AWS Advent 2014: CloudFormation woes: Keep calm and use Ansible

Today’s post on using Ansible to help you get the most out of CloudFormation comes to use from Soenke Ruempler, who’s helping keep things running smoothly at Jimdo.

No more outdated information, a single source of truth. Describing almost everything as code, isn’t this one of the DevOps dreams? Recent developments have made this dream even closer. In the Era of APIs, tools like TerraForm and Ansible have evolved which are able to codify the creation and maintenance of entire “organizational ecosystems”.

This blog post is a brief description of the steps we have taken to come closer to this goal at my employer Jimdo. Before we begin looking at particular implementations, let’s take the helicopter view and have a look at the current state and the problems with it.

Current state

We began to move to AWS in 2011 and have been using CloudFormation from the beginning. While we currently describe almost everything in CloudFormation, there are some legacy pieces which were just “clicked” through the AWS console. In order to to have some primitive auditing and documentation for those, we usually document all “clicked” settings with a Jenkins job, which runs Cucumber scenarios that do a live inspection of the settings (by querying the AWS APIs with a read-only user).

While this setup might not look that bad and has a basic level of codification, there are several drawbacks, especially with CloudFormation itself, which we are going to have a look at now.

Problems with the current state

Existing AWS resources cannot be managed by CloudFormation

Maybe you have experienced this same issue: You start off with some new technology or provider and initially use the UI to play around. And suddenly, those clicked spikes are in production. At least this is the story how we came to AWS at Jimdo 😉

So you might say: “OK, then let’s rebuild the clicked resources into a CloudFormation stack.” Well, the problem is that we didn’t describe basic components like VPC and Subnets as CloudFormation stacks in the first place, and as other production setups rely on those resources, we cannot change this as easily anymore.

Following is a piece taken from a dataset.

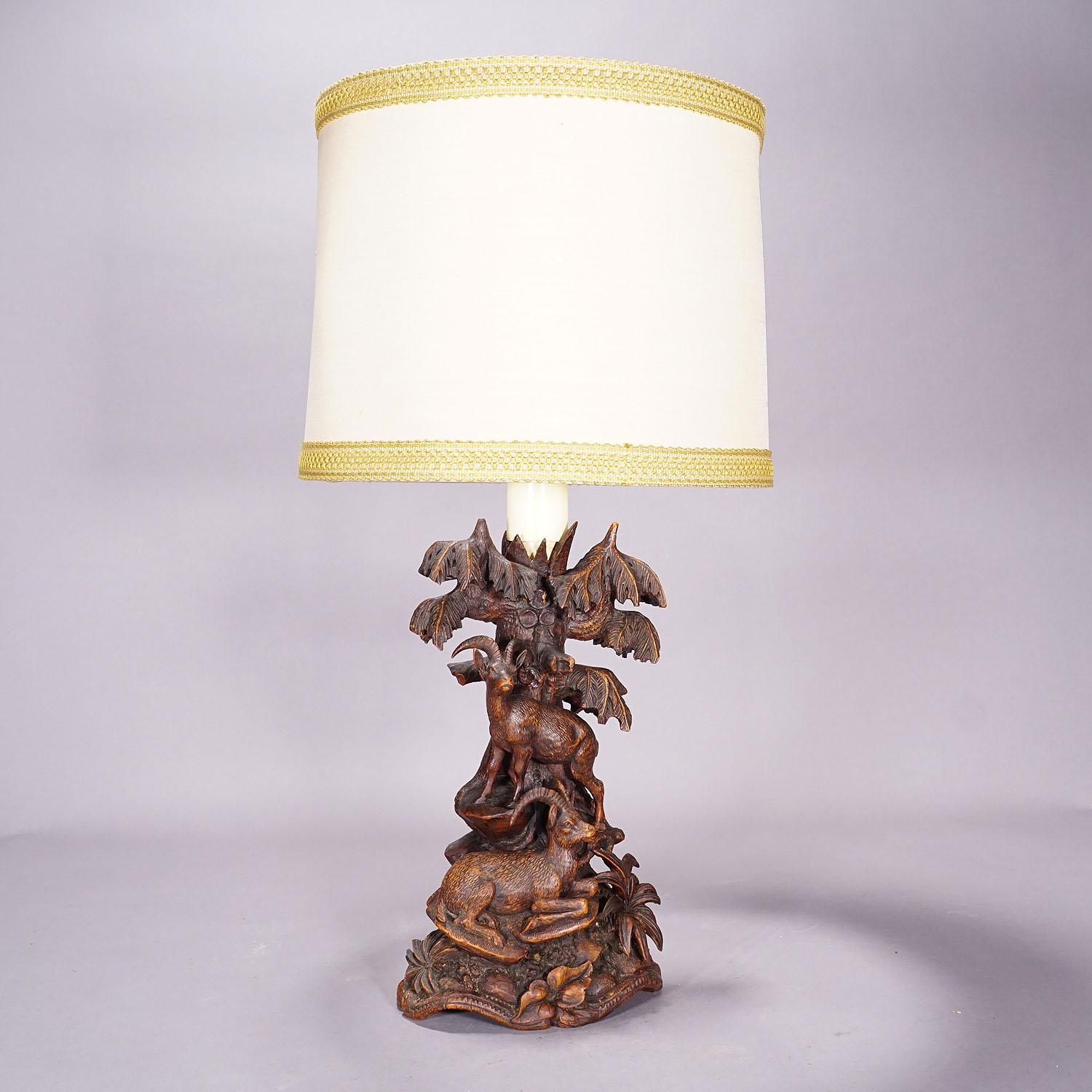 Suisse Paire de lampes de table sculptées en forêt noire avec bouquetin et chamois en vente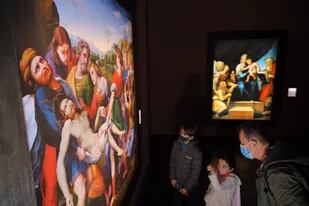 Las madonnas de Rafael llegaron a Tecnópolis en una muestra itinerante que viene de Roma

Not all AWS features are immediately available in CloudFormation

Here is another issue: The usual AWS feature release process is that a component team releases a new feature (e.g. ElastiCache replica groups), but the CloudFormation part is missing (the CloudFormation team at AWS is a separate team with its own roadmap). And since CloudFormation isn’t open source, we cannot add the missing functionality by ourselves.

So, in order to use those “Non-CloudFormation” features, we used to click the setup as a workaround, and then again document the settings with Cucumber.

But the click-and-document-with-cucumber approach seems to have some drawbacks:

  • It’s not an enforced policy to document, so colleagues might miss the documentation step or see no value in it
  • It might be incomplete as not all clicked settings are documented
  • It encourages a “clicking culture”, which is the exact opposite of what we want to achieve

So we need something which could be extended as a CloudFormation stack with resources that we couldn’t (yet) express in CloudFormation. And we need them to be grouped together semantically, as code.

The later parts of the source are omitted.